I. Clock-Driven: cyclic Scheduling (Static Scheduling)
The Clock-driven scheduling also called as static or offline scheduling. In this type of scheduling, decisions are taken previously at chosen time instance. The schedule is pre-computed off-line and store for use at run time. Clock-driven schedulers make their scheduling decisions regarding which task to run next only at the clock interrupt points.
The Clock-driven schedulers are those for which the scheduling points are determined by timer interrupts. The Clock-driven schedulers are also called off-line schedulers because these schedulers fix the schedule before the system starts to run. That is, the scheduler pre-determines which task will run when. Therefore, these schedulers incur very little run time overhead. However, a prominent shortcoming of this class of schedulers is that they cannot satisfactorily handle aperiodic and sporadic tasks since the exact time of occurrence of these tasks cannot be predicted. For this reason, this type of schedulers is also called the static scheduler.
Clock-driven scheduling are categorized into two types,
i. Table-driven
ii. Cyclic
Cyclic schedulers are very popular and are being extensively used in the industry. A large majority of all small embedded applications being manufactured presently are based on cyclic schedulers.
Cyclic schedulers are simple, efficient, and are easy to program. An example application where a cyclic scheduler is normally used is a temperature controller. A temperature controller periodically samples the temperature of a room and maintains it at a preset value. Such temperature controllers are embedded in typical computer-controlled air conditioners.

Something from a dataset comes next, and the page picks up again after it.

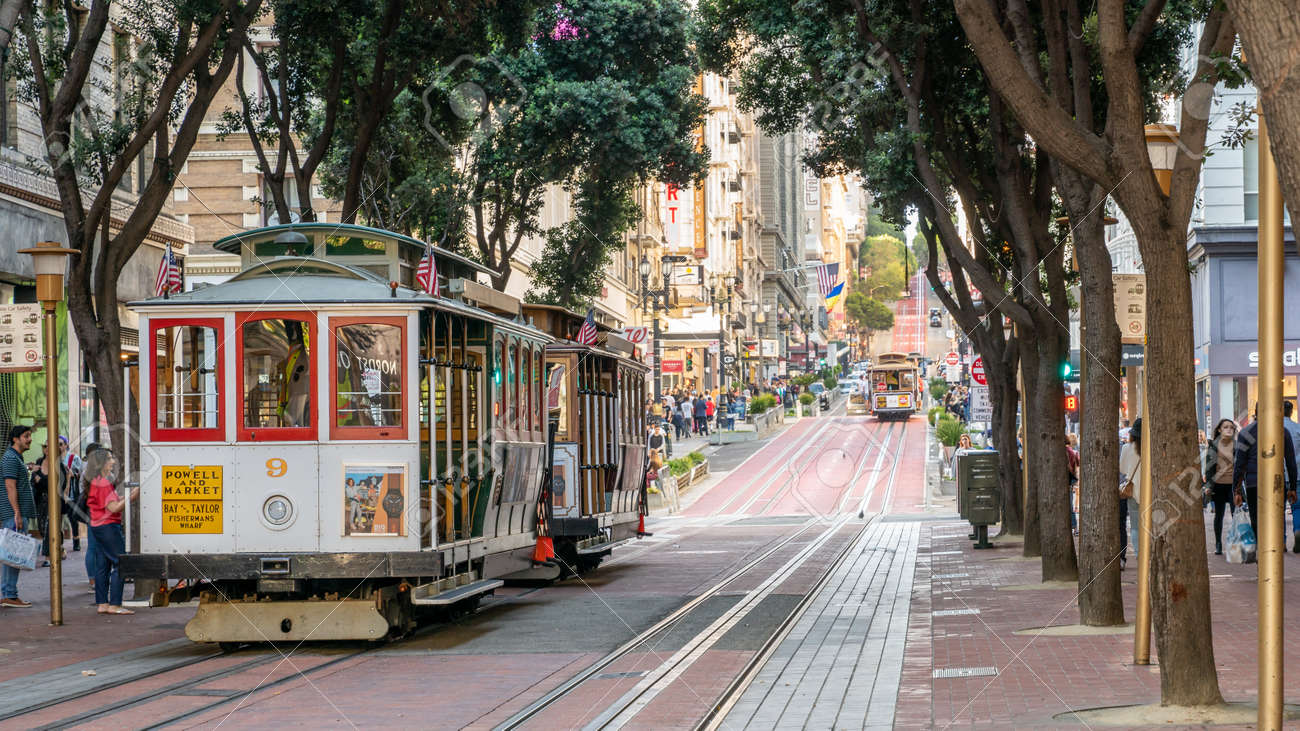 San Francisco, California, USA - August 2019: People riding the cable car in San Francisco. It is the oldest mechanical public transport in California. - 164355970 San Francisco, California, USA - August 2019: People riding the cable car in San Francisco. It is the oldest mechanical public transport in California. - 164355970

A cyclic scheduler repeats a pre-computed schedule. The pre-computed schedule needs to be stored only for one major cycle. Each task in the task set to be scheduled repeats identically in every major cycle. The major cycle is divided into one or more minor cycles (see Fig. above). Each minor cycle is also sometimes called a frame. In the example shown in the above figure, the major cycle has been divided into four minor cycles (frames). The scheduling points of a cyclic scheduler occur at frame boundaries. This means that a task can start executing only at the beginning of a frame.
The frame boundaries are defined through the interrupts generated by a periodic timer. Each task is assigned to run in one or more frames. The assignment of tasks to frames is stored in a schedule table. An example schedule table is shown in Figure below.
The size of the frame to be used by the scheduler is an important design parameter and needs to be chosen very carefully. The selected frame size should satisfy the following three constraints.
1. Minimum Context Switching:
This constraint is imposed to minimize the number of context switches occurring during task execution. The simplest interpretation of this constraint is that a task instance must complete running within its assigned frame. Unless a task completes within its allocated frame, the task might have to be suspended and restarted in a later frame. This would require a context switch involving some processing overhead.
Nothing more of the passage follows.